Data has been successfully written to the file！


## 2.calculate variables

In this study, we specifically analyze the correlation between the following variables:

(1)  the review length; (2)  the number of reviews that a reviewer has written;
(3)  the number of followers of the reviewer; (4)  the days passed since the book review have been posted; (5)  the sentiment score of the book review; (6)  the rating of book; (7)  the book review support


All variables need to be calculated to get except (2) the number of reviews that a reviewer has written, and (3) the number of followers of the reviewer, which can be obtained directly.

### 2.1 Calculate the number of days since a given date

In [None]:
# import required libraries
import os
import csv
import pandas as pd
from datetime import datetime

In [None]:
# Set the folder path where the filtered English-only review CSV files are stored.
folder_path = "/content/drive/MyDrive/page_5_reviews_english_only"

# Define a function to convert a date string into a datetime object.
def convert_to_date(date_str):
    # List of possible date formats to try.
    formats = ["%B %d, %Y", "%d-%b-%y"]
    # Loop through each date format.
    for fmt in formats:
        try:
            # Attempt to parse the date string using the current format.
            return datetime.strptime(date_str, fmt)
        except ValueError:
            # If parsing fails, continue to the next format.
            continue
    # Raise an error if the date string doesn't match any of the formats.
    raise ValueError(f"Date format does not match: {date_str}")

# Define a function to calculate the number of days since a given date.
def calculate_days_since(date_str, reference_date):
    # Convert the date string to a datetime object.
    date = convert_to_date(date_str)
    # Calculate the difference in days between the reference date and the given date.
    return (reference_date - date).days

# Set the reference date for the calculation.
reference_date = datetime(2024, 5, 28)

# Loop through each file in the folder.
for filename in os.listdir(folder_path):
    if filename.endswith(".csv"): # Check if the file is a CSV file.
        # Construct the full file path of the input CSV file.
        file_path = os.path.join(folder_path, filename)

        # Read the CSV file into a DataFrame, considering the first row as the header.
        data = pd.read_csv(file_path, header=0)

        # Apply the calculate_days_since function to the 'Date' column and create a new column 'Number_of_Days'.
        data['Number_of_Days'] = data['Date'].apply(lambda x: calculate_days_since(x, reference_date))

        # Save the updated DataFrame back to the same CSV file path, without including the index.
        data.to_csv(file_path, index=False)

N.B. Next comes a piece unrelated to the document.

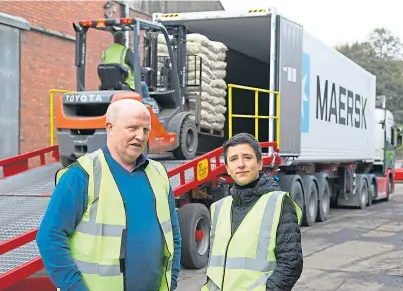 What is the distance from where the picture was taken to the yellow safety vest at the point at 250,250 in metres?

# Print a message indicating the data conversion process is completed for all files.
print("Data has been successfully converted！")


Data has been successfully converted！


### 2.2 Calculate the number of words

In [None]:
# import required library
import os
import pandas as pd

In [None]:
# Set the folder path where the filtered English-only review CSV files are stored.
folder_path = "/content/drive/MyDrive/page_5_reviews_english_only"

# Loop through each file in the folder.
for filename in os.listdir(folder_path):
    if filename.endswith(".csv"): # Check if the file is a CSV file.
        # Construct the full file path of the input CSV file.
        file_path = os.path.join(folder_path, filename)

        # Read the CSV file into a DataFrame, considering the first row as the header.
        data = pd.read_csv(file_path, header=0)

        # Create a new column 'word_count' by applying a lambda function to each entry in the 'cleaned_reviews' column.
        # Calculate the number of words if the entry is a string; otherwise, set to 0.
        data['word_count'] = data['cleaned_reviews'].apply(lambda x: len(x.split()) if isinstance(x, str) else 0)

        # Save the updated DataFrame back to the same CSV file path, without including the index.
        data.to_csv(file_path, index=False)

# Print a message indicating the data processing is completed for all files.
print("Data has been successfully flitered！")


Data has been successfully flitered！


### 2.3 Sentiment analysis

We downloaded and used a model provided by Pianzola that was specially designed to categorize the sentiment of book reviews. The output contains the probability of positive, the probability of negative, the probability of neutral, the confidence of the classification and the result of the sentiment classification. For the convenience of the analysis, the probability of positive is used to represent the sentiment value of the book reviews for the subsequent correlation analysis.

In [None]:
pip install --upgrade transformers

Collecting transformers
  Using cached transformers-4.41.2-py3-none-any.whl (9.1 MB)
Collecting tokenizers<0.20,>=0.19 (from transformers)
  Downloading tokenizers-0.19.1-cp310-cp310-manylinux_2_17_x86_64.manylinux2014_x86_64.whl (3.6 MB)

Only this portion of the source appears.